====== Source data ======

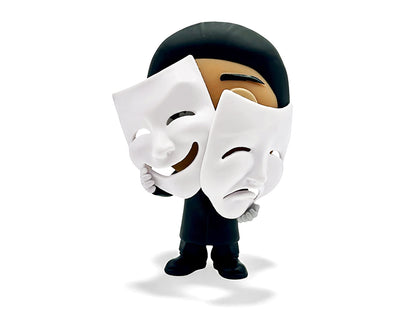 Pretender 4.5" Figure "Homies Big Headz" Series 5 Model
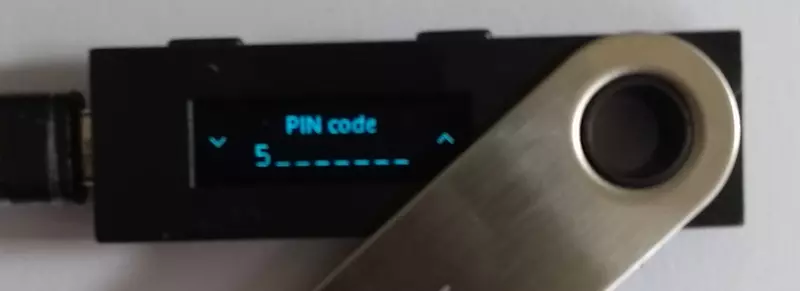 Ledger Nano Display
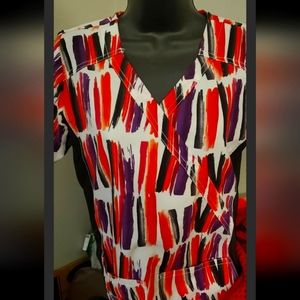 WonderWink Nursing Scrub Top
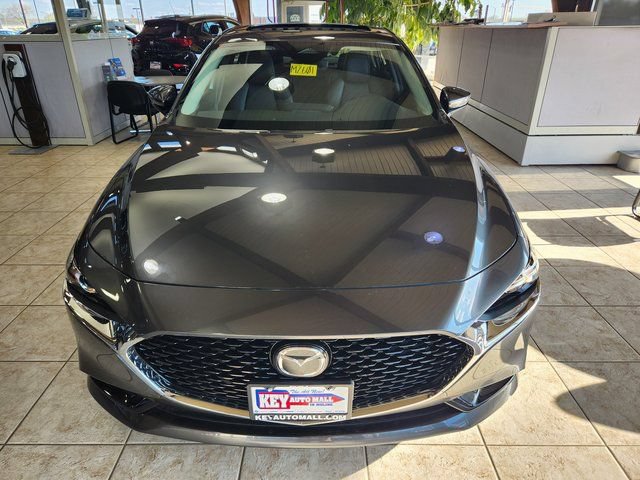 New 2025 MAZDA MAZDA3 s FWD image 2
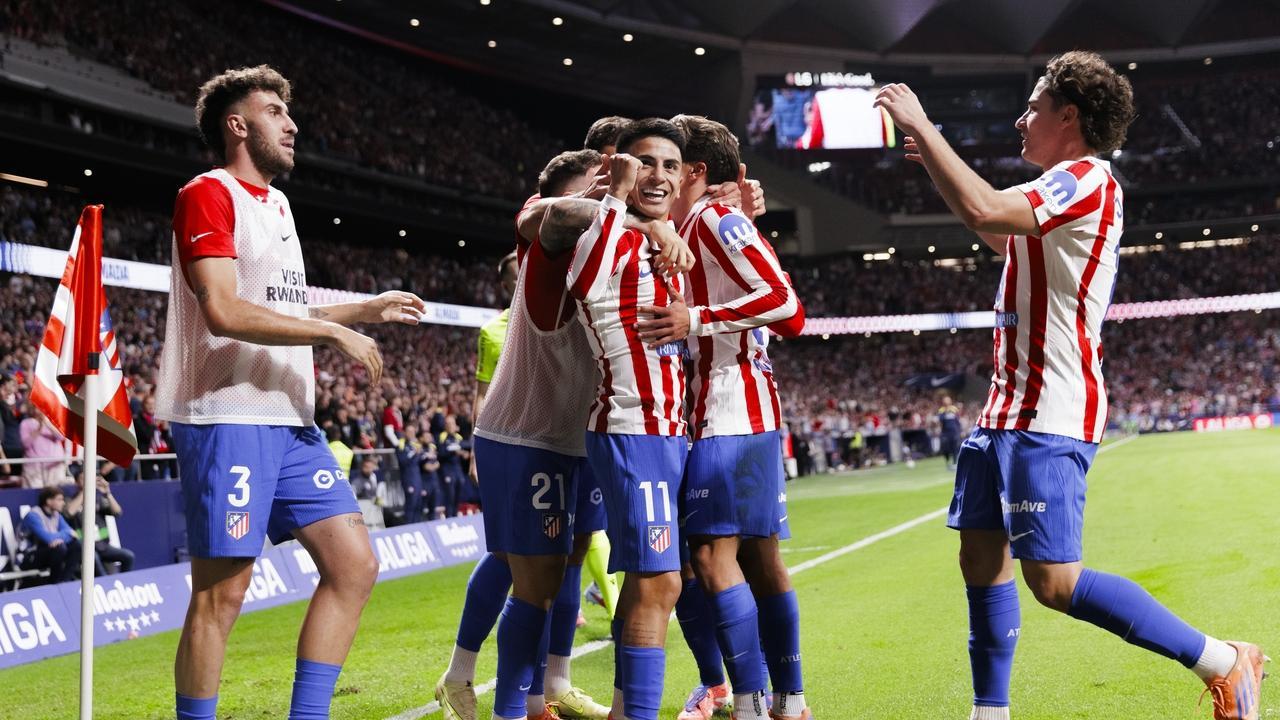 欧冠之夜：阿森纳VS马德里竞技，北伦敦迎战马德里铁血之师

======

**Activity**
Repeat each entry exactly as it appears; skip any picture.

**Exercise result**
 Pretender 4.5" Figure "Homies Big Headz" Series 5 Model
 Ledger Nano Display
 WonderWink Nursing Scrub Top
 New 2025 MAZDA MAZDA3 s FWD image 2
 欧冠之夜：阿森纳VS马德里竞技，北伦敦迎战马德里铁血之师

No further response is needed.